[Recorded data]

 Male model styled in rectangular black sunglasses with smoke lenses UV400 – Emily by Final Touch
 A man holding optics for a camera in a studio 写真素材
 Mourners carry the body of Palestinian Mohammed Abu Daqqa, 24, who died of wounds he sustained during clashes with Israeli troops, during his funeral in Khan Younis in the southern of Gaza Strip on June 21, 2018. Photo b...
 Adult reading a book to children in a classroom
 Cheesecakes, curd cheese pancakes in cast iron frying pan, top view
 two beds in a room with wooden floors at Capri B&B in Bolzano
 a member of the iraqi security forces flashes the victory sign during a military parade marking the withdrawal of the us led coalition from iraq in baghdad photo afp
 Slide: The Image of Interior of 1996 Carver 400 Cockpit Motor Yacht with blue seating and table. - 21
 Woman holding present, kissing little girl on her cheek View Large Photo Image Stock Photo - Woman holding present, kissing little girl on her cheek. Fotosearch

### [Your task]
Count each line above that has the word "Image" in it, and write down nothing but the total.

### [Solution]
2